Starting with the line that contains "Holly Blouse - Regatta", repeat each line exactly through the final line of the listing. No picture should appear in the copy.

··········

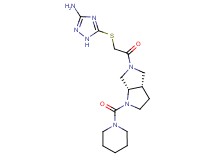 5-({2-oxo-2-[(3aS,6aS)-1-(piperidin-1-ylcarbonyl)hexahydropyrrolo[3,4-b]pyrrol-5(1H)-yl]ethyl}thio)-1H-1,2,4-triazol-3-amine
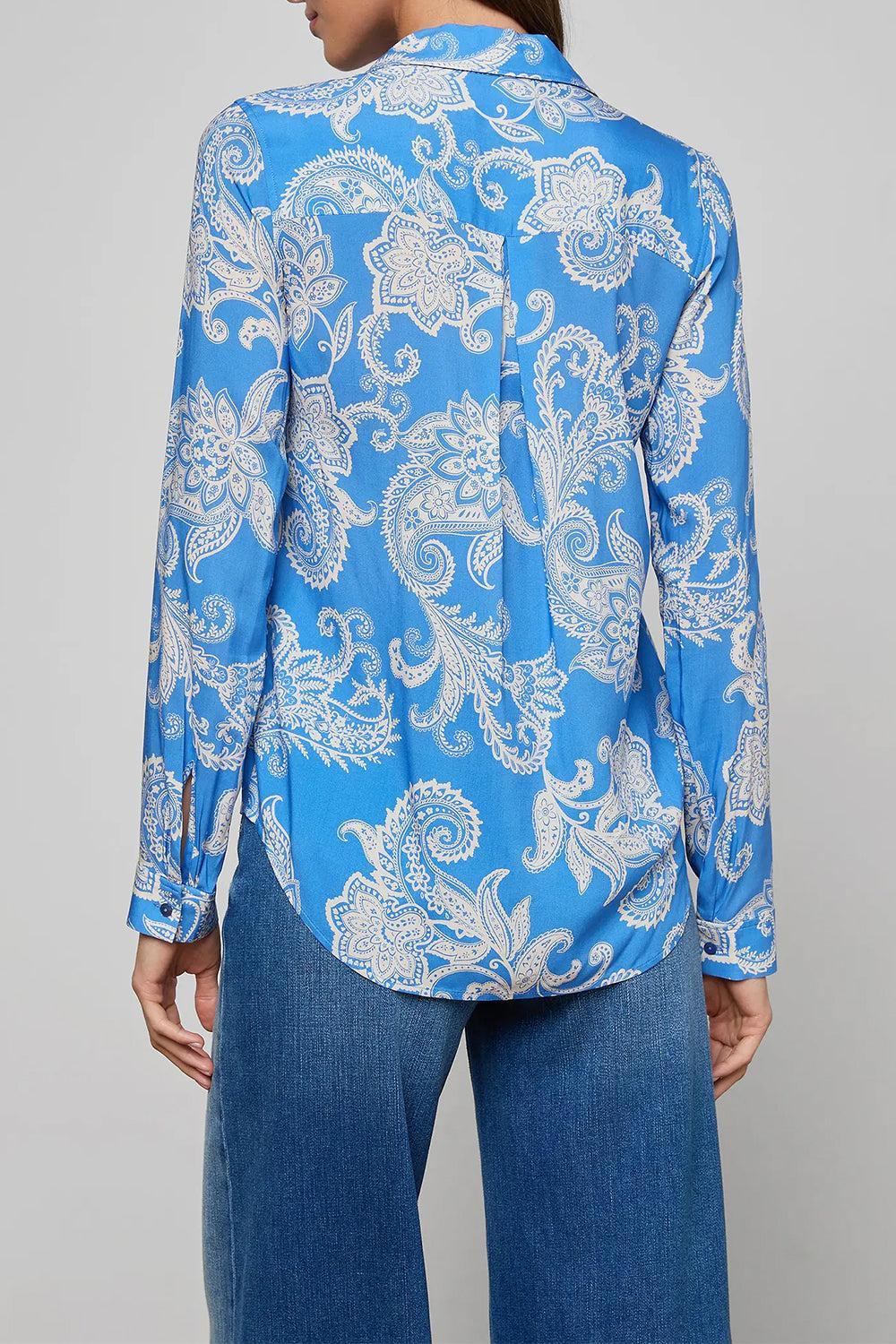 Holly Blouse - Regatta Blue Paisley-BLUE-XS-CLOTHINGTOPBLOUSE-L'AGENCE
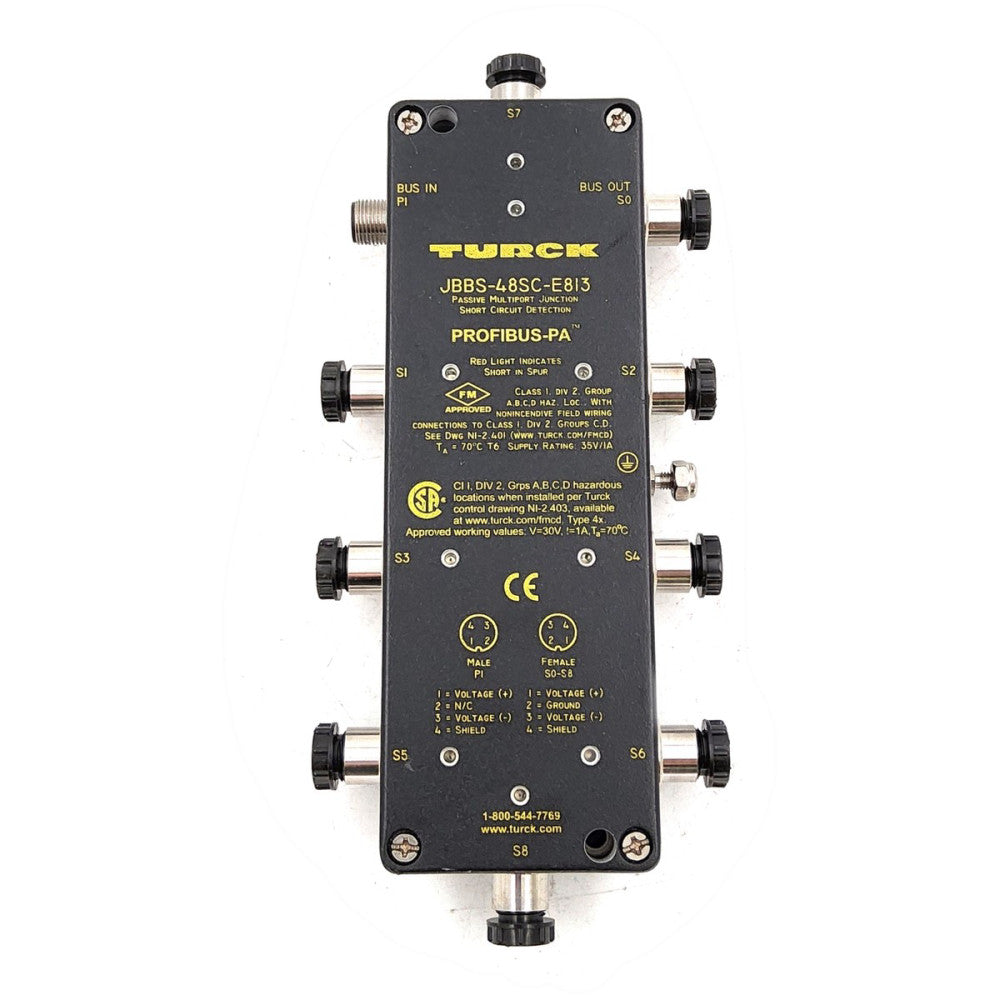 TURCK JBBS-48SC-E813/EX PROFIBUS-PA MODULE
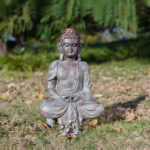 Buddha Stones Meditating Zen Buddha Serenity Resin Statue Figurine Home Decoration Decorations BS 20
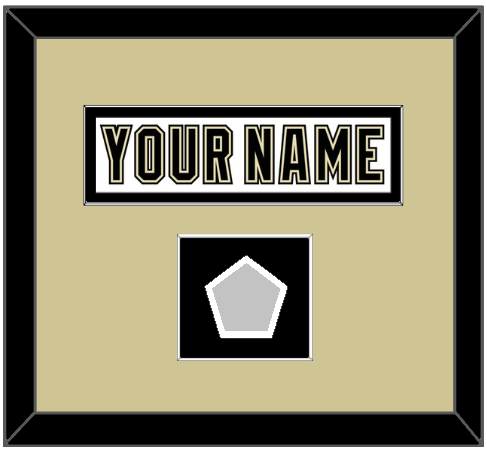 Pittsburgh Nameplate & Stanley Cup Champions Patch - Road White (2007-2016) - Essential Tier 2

··········

Expected output:
 Holly Blouse - Regatta Blue Paisley-BLUE-XS-CLOTHINGTOPBLOUSE-L'AGENCE
 TURCK JBBS-48SC-E813/EX PROFIBUS-PA MODULE
 Buddha Stones Meditating Zen Buddha Serenity Resin Statue Figurine Home Decoration Decorations BS 20
 Pittsburgh Nameplate & Stanley Cup Champions Patch - Road White (2007-2016) - Essential Tier 2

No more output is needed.